IX. Right of the orderer to withdraw

  1. When a delay in performance as defined by Section IV of the delivery conditions occurs, and when the orderer grants the delaying supplier an appropriate extension with the express declaration that he will refuse to accept the service following the expiration of this period, and this extension is not met, the orderer is authorised to withdraw.
  2. In the event that it becomes impossible to perform during the default in acceptance or at the fault of the orderer, the orderer is still obligated to provide service in return.
  3. When the orderer declares his withdrawal, all other subsequent claims of the orderer, in particular termination or reduction, as well as compensation for damages of any kind, including such damages not incurred by the object of delivery itself, are excluded when these damages are not due to wilful misconduct or grossly negligent conduct on the part of the supplier or on the part of the proxies or vicarious agents of the supplier, or when damages resulting from injury to life, limb or health are involved.

X. Right of the supplier to withdraw

In the event of unforeseen events as defined by Section IV of the delivery conditions, insofar as they significantly alter the economic importance or the content of the service, or have a significant influence on the operations of the supplier, and in the event of the impossibility of execution becoming retroactively apparent, the contract shall be appropriately adapted. When this is not economically justifiable, the supplier has the right to entirely or partially withdraw from the contract. Claims to compensation for damages on the part of the orderer due to such a withdrawal do not exist, unless these claims are due to grossly negligent conduct or wilful misconduct on the part of the supplier or on the part of the proxies or vicarious agents of the supplier. Should the supplier wish to make use of his right to withdraw, he is to inform the orderer without delay upon recognising the significance of the event, even when an extension of the delivery period has initially been agreed upon with the orderer.
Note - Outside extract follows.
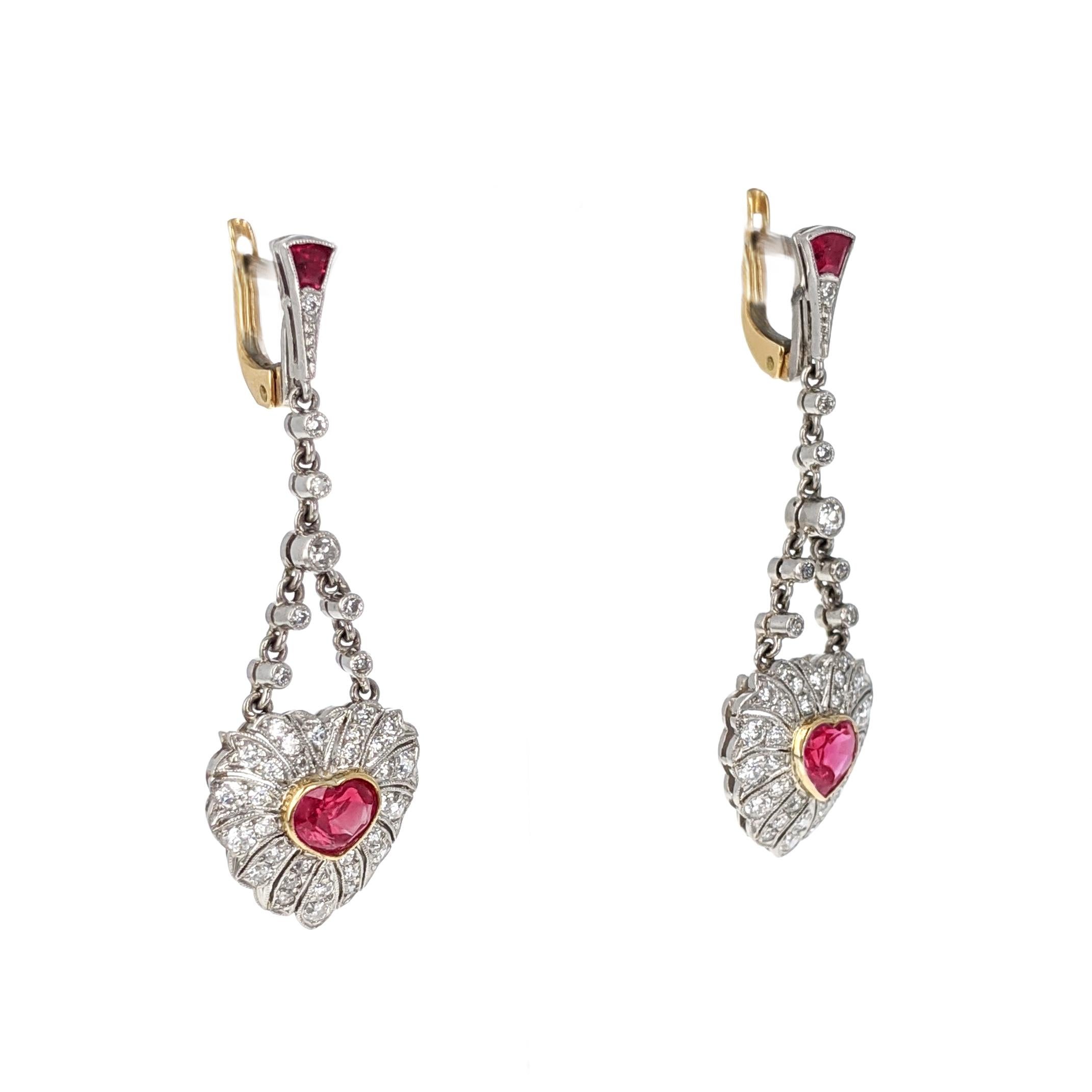 Each of these sweet dangle earrings centers upon a heart shaped ruby, surrounded by single cut diamonds in an openwork design. They are expertly crafted in yellow gold and platinum with delicate milgrain detailing. Each measures approximately 1.5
XI. Applicable law, legal venue, partial nullity

  1. The law of the Federal Republic of Germany applies to these terms and conditions and to the entire legal relationship between the supplier and the orderer, and expressly excludes the applicability of the UN Convention on Contracts for the International Sale of Goods.
  2. Unless otherwise agreed, the place of performance for all reciprocal obligations is the registered office of the supplier.
  3. The exclusive place of jurisdiction for all disputes arising from the business relationship between the supplier and the orderer shall be the registered place of the supplier. The supplier shall also be entitled to institute legal proceedings at the orderer's place of business and at any permissible place of jurisdiction. Arbitration clauses are contradicted.
  4. Should a provision in these terms and conditions or a provision in the framework of other agreements be or become ineffectual, the effectiveness of the other provisions or agreements is not affected by this.
  5. These Terms and Conditions of Purchase have been drawn up in German and English. In the event of contradictions and discrepancies between the German and English version, the German version shall prevail.